By making public the fact that it has now moved the country’s agriculture sector to the top of its agenda (ahead of tourism) in terms of targeting foreign investment for the country, the Jamaica Promotions Corporation (JAMPRO), the country’s national investment and export promotion agency, has paraded its credentials for leading rather than following, insofar as setting an agenda for the country’s foreign investment pursuits in the period ahead is concerned.
JAMPRO, since its creation in 1988, has been the standout service and product promotion/marketing entity in the Caribbean, its successes winning Jamaica an enviable reputation for the aggressive and frankly, outstanding promotion of the country’s goods and services abroad, notably in major international markets.

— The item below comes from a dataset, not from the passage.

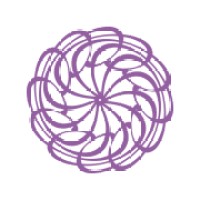 Caimana Muebles y Decoración Logo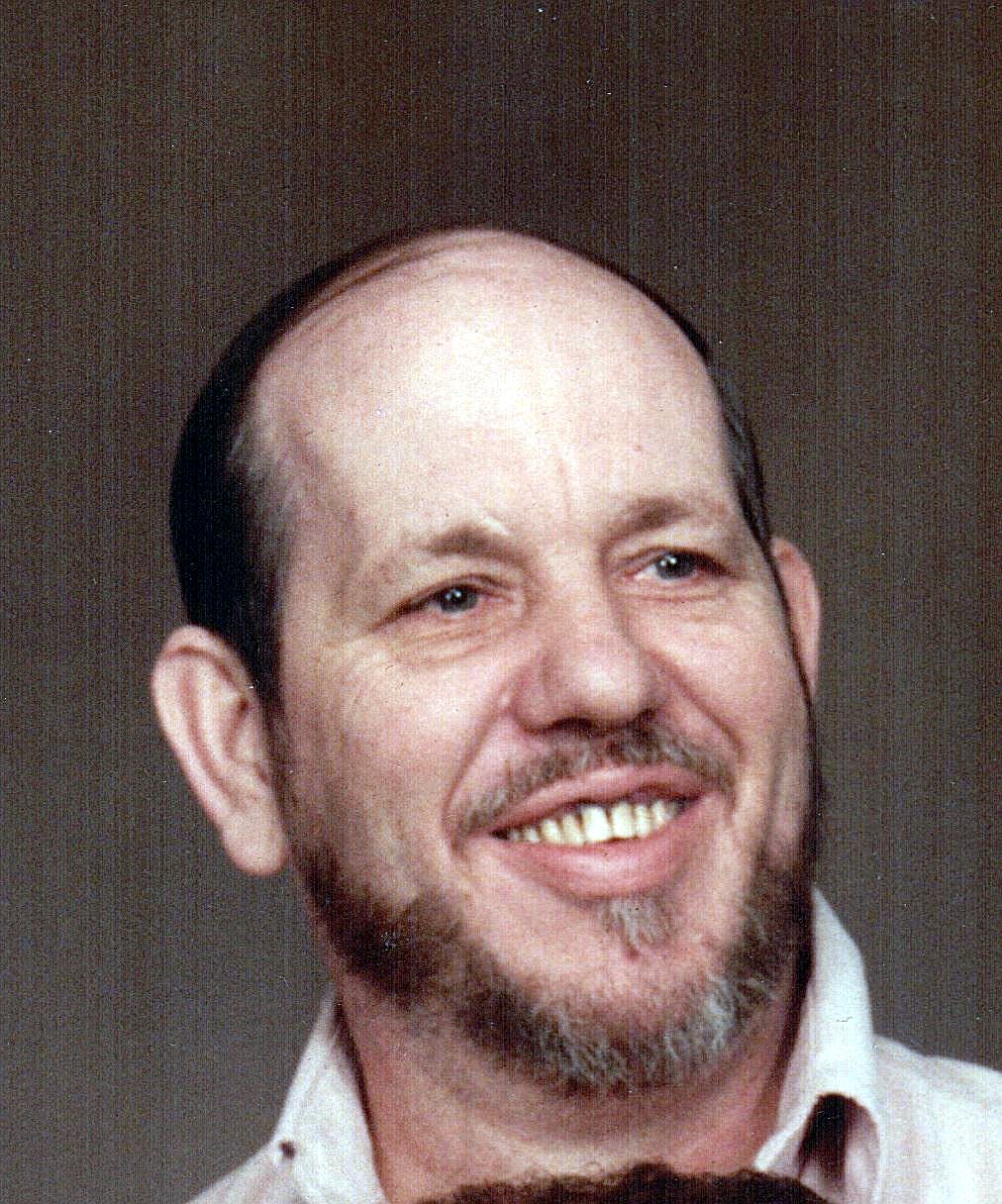 Troy Galloway Obituary High Point, NC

If the decision to place investment in agriculture ahead of tourism at this juncture may come as a surprise to some, it points to JAMPRO’s confidence in its ability to make an informed assessment of what the country’s investment priorities ought to be at any point in time and to give strategic direction to the dispersing of Jamaica’s investment-garnering effort.
Take the Guyana Marketing Corporation (GMC), whose responsibility, these past thirty five years, has been to provide “marketing services to stakeholders (farmers, agro-processors, exporters) of the non-traditional agricultural sector,” One might ask whether an agency so ideally positioned to simultaneously support both domestic and external product promotion could not as well be suitably expanded to play a role in helping to attract foreign investment in those same sectors, not least agro-processing.
JAMPRO works, it seems, because there is sufficient political confidence in its accomplishments which sometimes does not appear to be the case with some of the so-called semi-autonomous state-run agencies in Guyana where, invariably, there is a political minder peering over the entity’s shoulder.